Just as Boeing benefited from its former Senior Vice President Patrick Shanahan's stint as acting secretary of defense, so Raytheon is likely to cash in on the nomination of its former top lobbyist, Mike Esper, as his successor. Esper's elevation comes shortly after another former Raytheon lobbyist, Charles Faulkner, left the State Department amid charges that he had improperly influenced decisions to sell Raytheon-produced guided bombs to Saudi Arabia for its brutal air war in Yemen. John Rood, third-in-charge at the Pentagon, has worked for both Lockheed Martin and Raytheon, while Ryan McCarthy, Mike Esper's replacement as secretary of the Army, worked for Lockheed on the F-35, which the Project on Government Oversight (POGO) has determined may never be ready for combat.
And so it goes. There was a time when Donald Trump was enamored of "his" generals -- Secretary of Defense James Mattis (a former board member of the weapons-maker General Dynamics), National Security Advisor H.R. McMaster, and White House Chief of Staff John Kelly. Now, he seems to have a crush on personnel from the industrial side of the military-industrial complex.
As POGO's research has demonstrated, the infamous "revolving door" that deposits defense executives like Esper in top national security posts swings both ways. The group estimates that, in 2018 alone, 645 senior government officials -- mostly from the Pentagon, the uniformed military, and Capitol Hill -- went to work as executives, consultants, or board members of one of the top 20 defense contractors.
Fifty years ago, Wisconsin Senator William Proxmire identified the problem when he noted that:
"the movement of high ranking military officers into jobs with defense contractors and the reverse movement of top executives in major defense contractors into high Pentagon jobs is solid evidence of the military-industrial complex in operation. It is a real threat to the public interest because it increases the chances of abuse... How hard a bargain will officers involved in procurement planning or specifications drive when they are one or two years away from retirement and have the example to look at of over 2,000 fellow officers doing well on the outside after retirement?"

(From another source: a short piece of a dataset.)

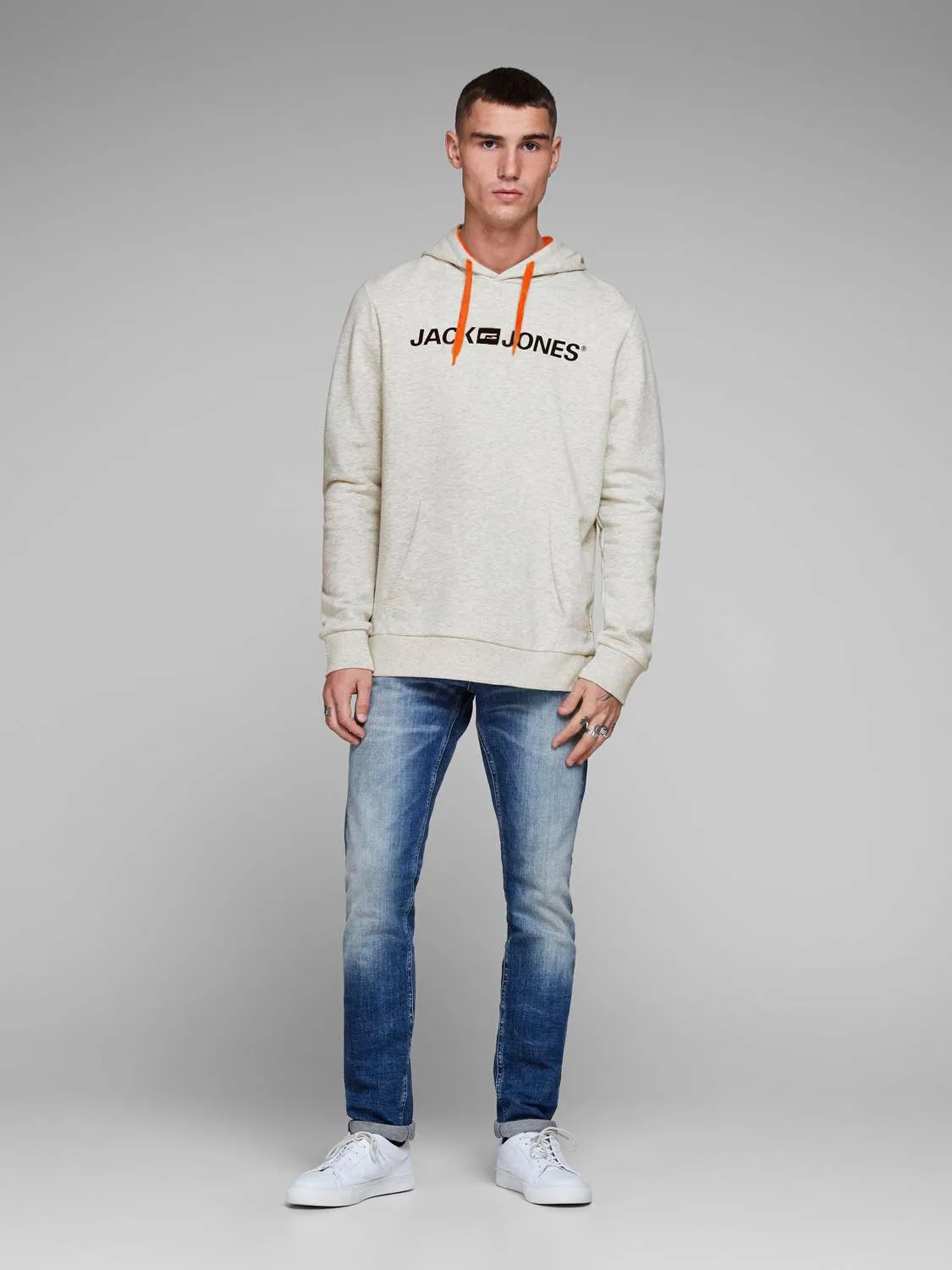 JACK & JONES - Felpa da uomo con cappuccio e logo, 3XL - immagine 3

In other words, that revolving door and the problems that go with it are anything but new. Right now, however, it seems to be spinning faster than ever -- and mergers like the Raytheon-United Technologies one are only likely to feed the phenomenon.
The Last Supper
The merger of Raytheon and United Technologies should bring back memories of the merger boom of the 1990s, when Lockheed combined with Martin Marietta to form Lockheed Martin, Northrop and Grumman formed Northrop Grumman, and Boeing absorbed rival military aircraft manufacturer McDonnell Douglas. And it wasn't just a matter of big firms pairing up either. Lockheed Martin itself was the product of mergers and acquisitions involving nearly two dozen companies -- distinctly a tale of big fish chowing down on little fish. The consolidation of the arms industry in those years was strongly encouraged by Clinton administration Secretary of Defense William Perry, who held a dinner with defense executives that was later dubbed "the last supper." There, he reportedly told the assembled corporate officials that a third of them would be out of business in five years if they didn't merge with one of their cohorts.